|Born||August 14, 1940|
Altoona, Pennsylvania, U.S.
|Alma mater||Penn State|
|1963||New York Jets|
|Coaching career (HC unless noted)|
|1964–1965||West Virginia (TE)|
|1991||Orlando Thunder (OC)|
|2002||Dallas Cowboys (RB)|
|2004–2011||Penn State (OC/RB)|
|Head coaching record|
|Accomplishments and honors|
|2 (NFL Europe)|
Galen Samuel Hall (born August 14, 1940) is a retired American college and professional football coach and player. He is a native of Pennsylvania, and an alumnus of Penn State University, where he played college football. Hall was previously the offensive coordinator at the University of Oklahoma and the University of Florida, and the head coach of the University of Florida, the Orlando Thunder, the Rhein Fire, and the XFL's Orlando Rage. He most recently served as the offensive coordinator at his alma mater, Penn State.
Hall was born in Altoona, Pennsylvania in 1940 and grew up in Williamsburg, Pennsylvania.He was raised by his grandparents, following the death of his father several months before he was born.
He attended Penn State University in State College, Pennsylvania, where he was the starting quarterback for coach Rip Engle's Nittany Lions in 1960 and 1961. He led the Nittany Lions to a combined 15–6 record and victories in the 1960 Liberty Bowl and 1961 Gator Bowl. He was named the outstanding player in the sole playing of the U.S. Bowl, a college all-star game played in Washington, DC in 1962.
Hall signed as a backup quarterback with the Washington Redskins of the National Football League (NFL) in 1962 and appeared in three games. He signed with the New York Jets of the American Football League (AFL) in 1963 and appeared in 13 games, including his only two career starts at the end of the campaign as Coach Weeb Ewbank attempted to jumpstart the slumping squad.
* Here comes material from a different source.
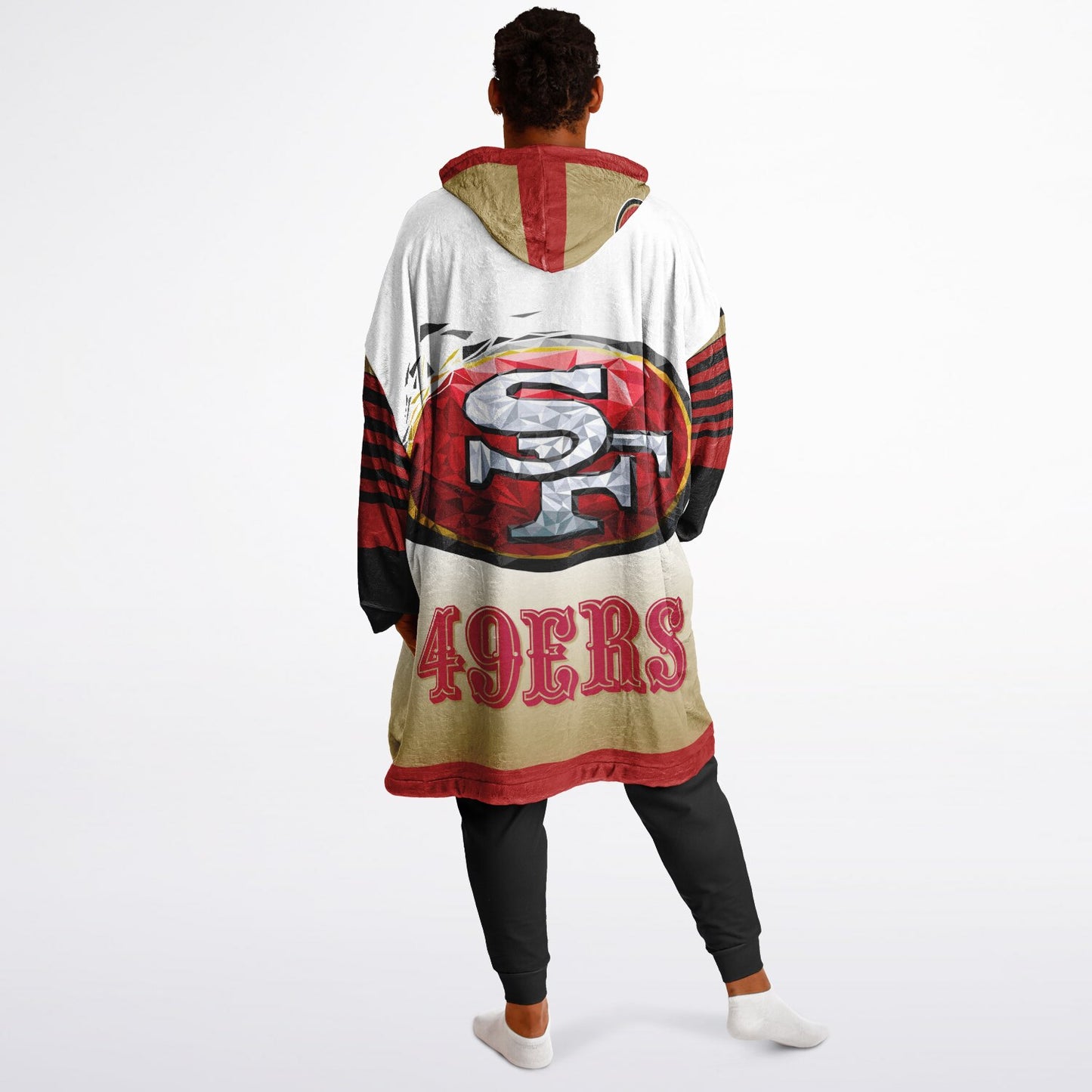 49ers White Gradient Cozy Oversize Cuddle Hoodie 49ers Cozy Hooded Blanket Gift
Hall's first professional start came on December 14 against the Buffalo Bills, and he quickly threw a 73 yard touchdown pass to Don Maynard for what turned out to be the last touchdown pass in the history of the Polo Grounds.It would also be the last touchdown pass of Hall's short pro career, as he threw five interceptions over his two starts and the Jets lost both games. After the season, Hall decided to return to the college game as an assistant coach.
After retiring as a player, Hall was hired as an offensive assistant for the West Virginia Mountaineers, where he coached wide receivers and tight ends during the 1964 and 1965 seasons.
In 1966, Hall joined the staff as a receivers coach under head coach Jim Mackenzie at Oklahoma. Hall was an assistant with the program for the next 17 years under three head coaches - Mackenzie, Chuck Fairbanks, and Barry Switzer. Switzer had been the Sooners' offensive coordinator before taking the head job for the 1973 season, and he promoted Hall to fill his old position.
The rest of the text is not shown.